Work to be completed: Extract the line that contains "Used 2024 Ford" and every line after it to the end of the records below, exactly as written and nothing else.

Records drawn from a dataset
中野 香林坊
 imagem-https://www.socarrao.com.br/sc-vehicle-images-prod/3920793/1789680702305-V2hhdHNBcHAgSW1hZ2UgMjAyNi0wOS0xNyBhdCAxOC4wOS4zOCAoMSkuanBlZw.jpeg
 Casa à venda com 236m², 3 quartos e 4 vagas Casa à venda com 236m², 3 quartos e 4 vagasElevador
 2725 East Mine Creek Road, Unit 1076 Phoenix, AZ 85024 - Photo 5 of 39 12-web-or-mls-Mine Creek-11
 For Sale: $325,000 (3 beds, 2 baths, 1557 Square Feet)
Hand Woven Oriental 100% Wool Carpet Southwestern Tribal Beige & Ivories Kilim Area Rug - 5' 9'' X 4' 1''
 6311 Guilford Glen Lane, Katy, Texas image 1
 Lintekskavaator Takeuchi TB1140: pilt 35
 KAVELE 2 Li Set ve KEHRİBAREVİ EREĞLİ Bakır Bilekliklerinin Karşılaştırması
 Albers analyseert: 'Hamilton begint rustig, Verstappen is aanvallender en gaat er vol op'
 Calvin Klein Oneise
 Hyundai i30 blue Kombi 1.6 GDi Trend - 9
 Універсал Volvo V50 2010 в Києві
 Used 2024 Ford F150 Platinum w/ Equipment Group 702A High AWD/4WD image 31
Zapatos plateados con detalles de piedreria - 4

Exercise response:
 Used 2024 Ford F150 Platinum w/ Equipment Group 702A High AWD/4WD image 31
Zapatos plateados con detalles de piedreria - 4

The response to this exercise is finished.